3
$\begingroup$

I ask this in a partly recreational, and partly research-related spirit, and I realize my problem might be ill-posed, so any suggestions for clarification might go a long way.

Succinctly, my problem can be stated as

Find the period of a "black box" pseudorandom number generator

but I suppose the following formulation might be more attractive:

Most programs for playing MP3 files (and MP3-playing devices as well) possess a "shuffle" feature that allows the player to play a list of songs in essentially "random" order.

If you run a music player set to shuffle long enough, you will note that sometimes the time interval between the instances your favorite song in the playlist can be short, or can be long.

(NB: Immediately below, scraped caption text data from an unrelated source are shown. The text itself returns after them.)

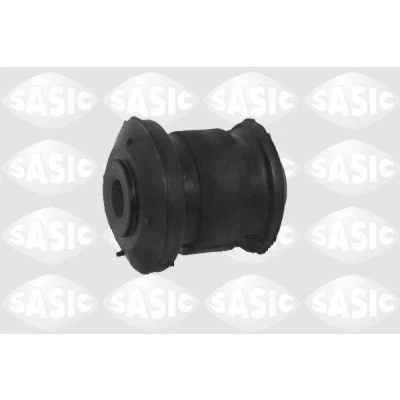Imagen de SASIC 2256018 Silentblock Brazo de Suspension Eje delantero, delante, debajo FORD: FIESTA 5, Fusion Familiar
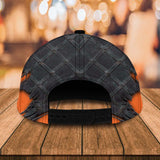 DB Personalized Cap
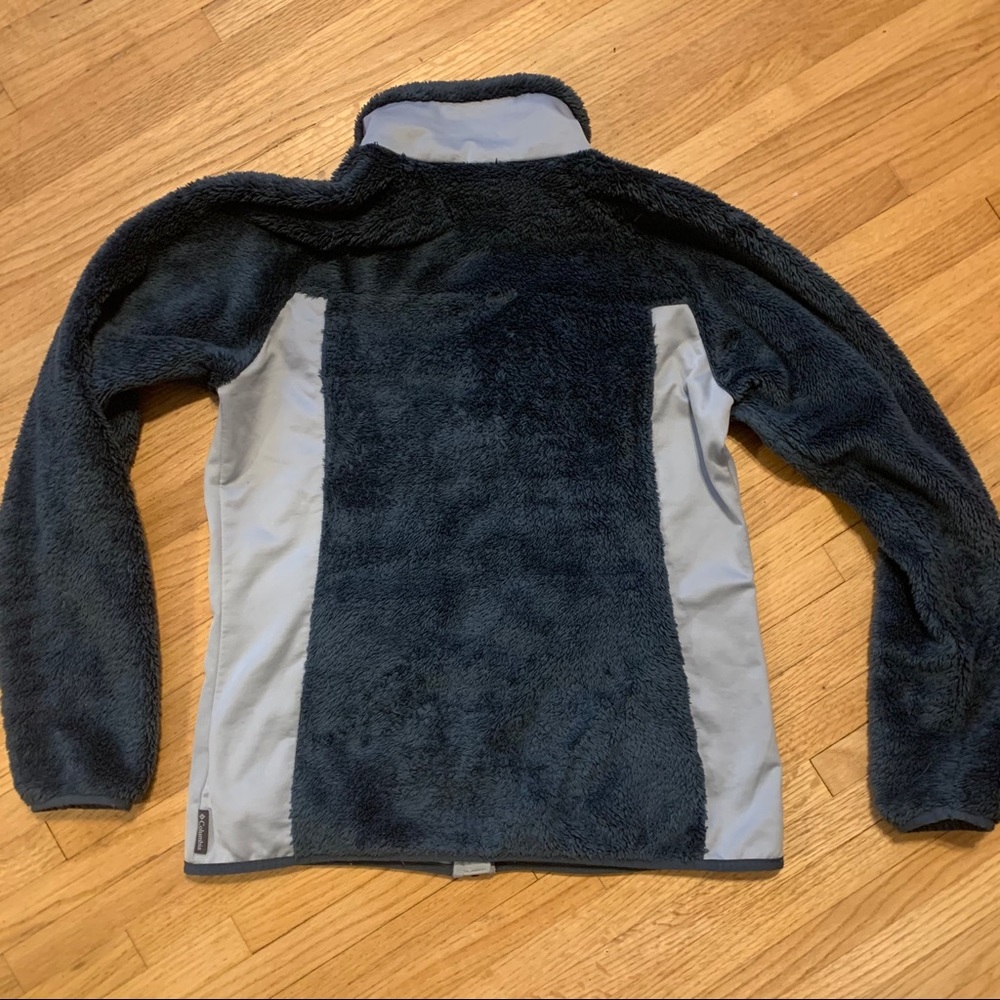 Columbia fleece - Picture 2 of 6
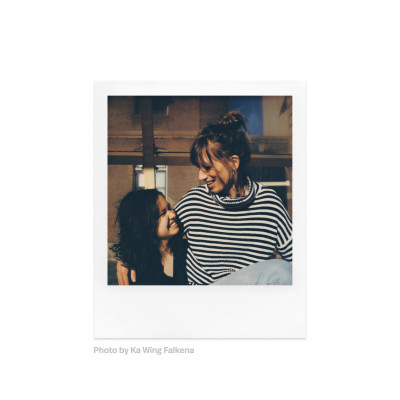 Color Film SX-70 - 8 stampe — immagine 3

Now, for a number of reasons, you can't take a look at what pseudorandom number generator your music player is using; you are however interested in how frequently your favorite song in the playlist would be played.

So, one now asks,

  1. Can you determine how often your favorite song in the playlist would be played based on the time intervals between the different instances your song is played?

  2. How long should your playlist be? Obviously, you can't conclude much if you only have two songs in your playlist...

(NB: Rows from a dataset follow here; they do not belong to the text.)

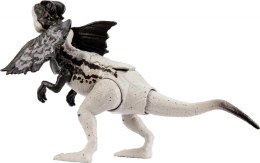 Figurka Jurassic World Niebezpieczny Dinozaur Dilofozaur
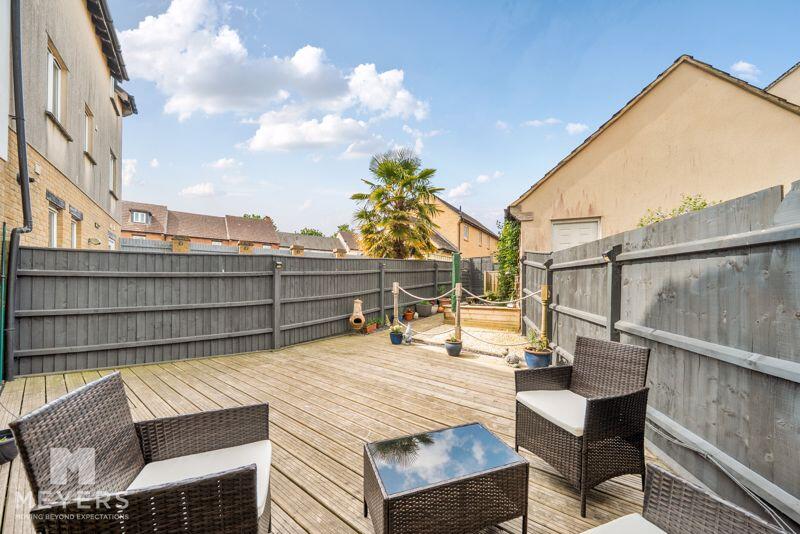 Additional image 20 of Toll Gate, Wool, BH20.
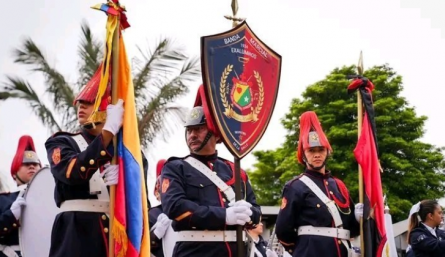 Bandas marciales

  3. How long should you leave your music player playing to answer question number 1?

I should probably make the drastic assumption that all the songs in the playlist have the same length, e.g. 3 minutes or so.

  • 1
    If the algorithm is pseudorandom, then shouldn't the expected answer to number 1 be 1/N, where N is the total number of songs? Of course this doesn't apply to things like iTunes which add weights to more frequently manually chosen songs. (Also, the music playing program I currently run literally "shuffles" the play list when you hit that button: between button-presses, the player deterministically loops through all entries using the current order given by shuffling. =p )2010-11-22
  • 0
    It sounds reasonable, but in the one I'm using (mplayer on Linux), I've found that sometimes it takes a while in between the instances a favorite song of mine in my playlist has played, and sometimes it takes a few songs (e.g. my playlist has a length of 100, my favorite song was the 96th one played in one cycle, and then the third one played in the next cycle). I definitely haven't seen the last song of one cycle being the first song of the following cycle, though.2010-11-22
  • 1
    I'd agree that this is ill-posed.2010-11-22
  • 0
    Robin, what do you think is missing that could turn this into a well-posed problem? (As I said, this is in fact related to some research I'm doing, so I'd be interested in hearing how to make this soluble.)2010-11-22
  • 0
    I think it's an interesting question. Certainly a more probability/statistics question than pure mathematics. Have you tried already to determine what you would expect as answers to your questions if the shuffling is really random? Trying to determine that and then looking for possible deviations is, I think, a good approach.2010-11-22
  • 0
    In the "actual research", I have data output by the "black box"; for the "recreational" part, I've only gone so far as to note that the spacing in between instances my favorite song is played is pretty erratic.2010-11-22
  • 0
    A similar challenge comes up (finding the unknown period of a cycle) with factoring by Pollard's rho. In that case, however, observing a repeated value implies the intervening interval is an exact multiple of the cycle. That's clearly not the case with your music shuffler. Perhaps a better set of observations would be of consecutive songs (not just a single song). For the problem to be well-posed, I imagine we need to open the blackbox and give some description of its pseudo-random generator.2010-11-22
  • 0
    So, without the ability to peer into the black box (e.g. looking at the source code of the music player), the question is insoluble?2010-11-22
  • 1
    Not necesssarily looking at the source code, but making some assumptions about the PRNG and how the music shuffle is chosen. For example you have not observed the same song playing twice in a row. There may well be code that asks for "a do over" if the random choice comes up the same as the last choice, or this "feature" may be implemented in another way. If, for example, it was observed that the same song is never played within three times (so long as the playlist has four or more songs), this would suggest the music player tracks the last three songs.2010-11-23

1 Answers 1

2

Here's a practical procedure, which assumes that the Shuffler is cyclic. Construct some hash function $H$ from $k$-tuples of songs to $n$ bits (the parameters $k,n$ will be decided upon later). Store the value of $H$ on the first $k$ songs, and look for a matching value of $H$ on a future $k$-tuple. If $k$ is large enough, then the expected number of occurrences of this $k$-tuple in the entire cycle is $<1$, and so its likely that a repeat means that you've reached the end of the cycle. If $n$ is big enough (larger than $\sqrt{N}$, where $N$ is the period), then it's probable that matching hashes means matching $k$-tuples.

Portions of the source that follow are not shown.